Emotional or not I am going to deal and conquer this. Along with the combination of immune support therapy that I've been given by my naturopath, I've picked up aromatherapy to support my immune system and one for my emotional well being. My hormones might still be wonky so I have picked up some aromatherapy for that too. I also stopped by Chapters and bought the following books:
The Code: 10 intentions for a better world
Holistic detox: for body, mind and spirit
Eat, Pray, Love (may people have read this and enjoyed it... it'll probably be good to read on the beach between playing in the waves)

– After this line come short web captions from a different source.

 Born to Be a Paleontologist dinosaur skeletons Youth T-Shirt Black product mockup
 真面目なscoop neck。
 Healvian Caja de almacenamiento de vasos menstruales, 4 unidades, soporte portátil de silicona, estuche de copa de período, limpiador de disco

Gorgeously Green: 8 simple steps to an earth-friendly life. "I love to shop, I love to cook, I love to feel that I have done one thing a day to educate myself and my children in making the world a better, stronger place to live in."
Damn I am such a hippy/tree hugger! A year ago you'd talk to me about energy, aromatherapy, holistic this that and the other and I would have listened intently but I'd be skeptical... though I am still slightly skeptical I think quite a lot of this stuff has some merit. Heck I even found myself looking for books on Buddhism. I stood there for a while in the religion section and wondered why I was there. My whole life I believed that there was no God, that I was in charge of my own destiny... maybe there was the universe but the universe isn't a God (well not in the traditional sense anyways). But now with all of this, I find myself searching for something stable, something I can go to. I decided to sleep on it, after all, I will always have myself and the earth to ground me, that should be enough.
Ok enough hippy talk, I am off to run in a field of daises and sing kumbaya.